PROMPT: Every line of the material below needs to be copied exactly; omit the pictures.

COLLECTED DATA:

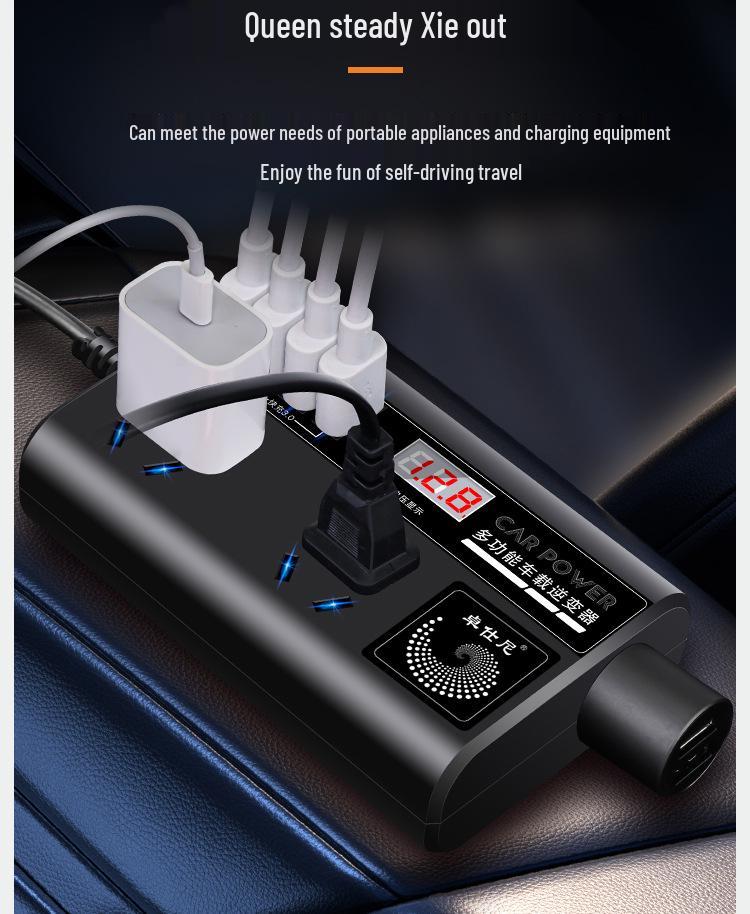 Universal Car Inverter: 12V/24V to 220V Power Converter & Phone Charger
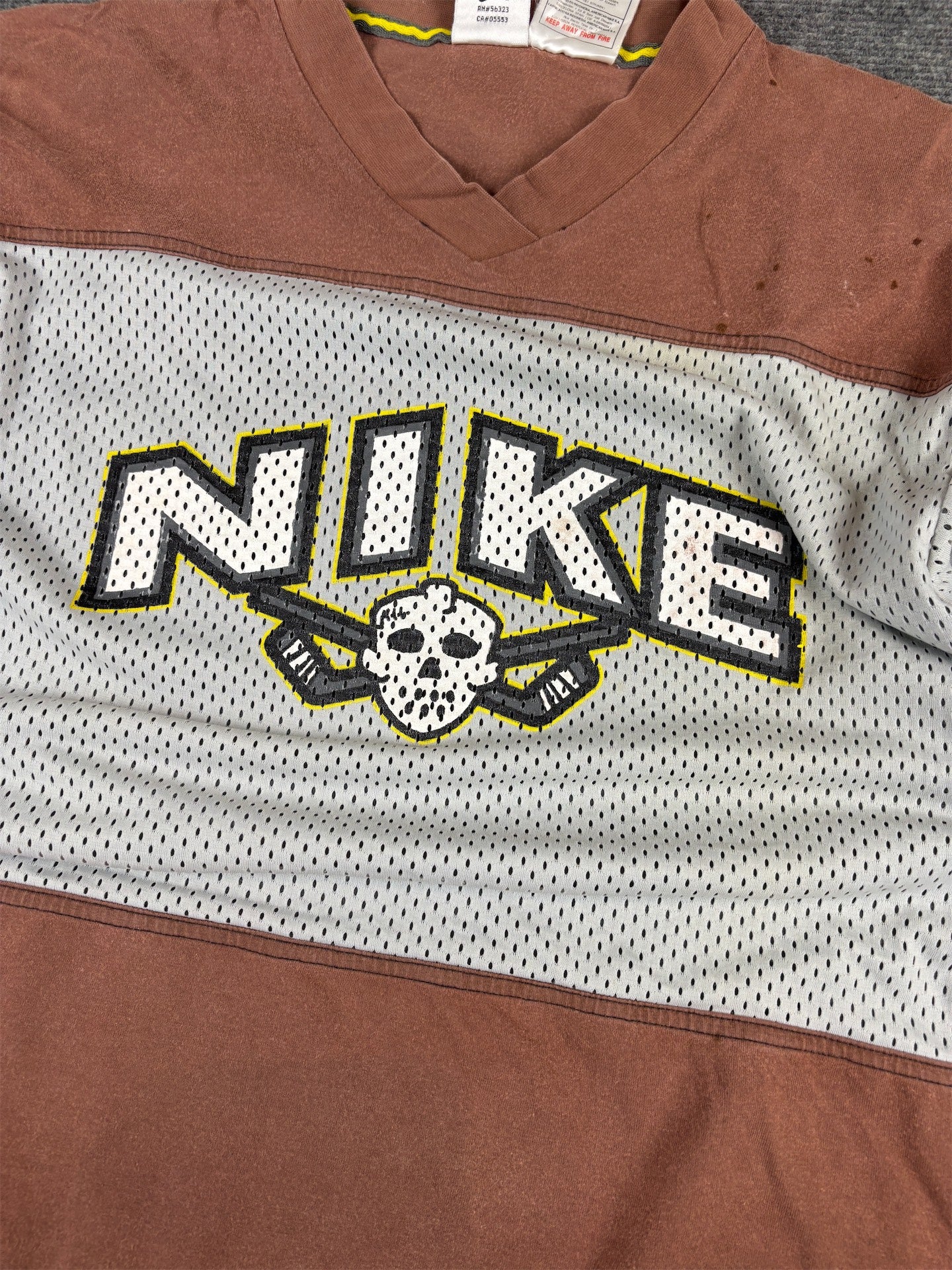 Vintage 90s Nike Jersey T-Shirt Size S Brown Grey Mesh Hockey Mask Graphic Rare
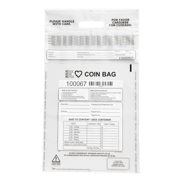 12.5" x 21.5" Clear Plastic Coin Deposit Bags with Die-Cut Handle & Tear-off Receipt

ANSWER BOX:
 Universal Car Inverter: 12V/24V to 220V Power Converter & Phone Charger
 Vintage 90s Nike Jersey T-Shirt Size S Brown Grey Mesh Hockey Mask Graphic Rare
 12.5" x 21.5" Clear Plastic Coin Deposit Bags with Die-Cut Handle & Tear-off Receipt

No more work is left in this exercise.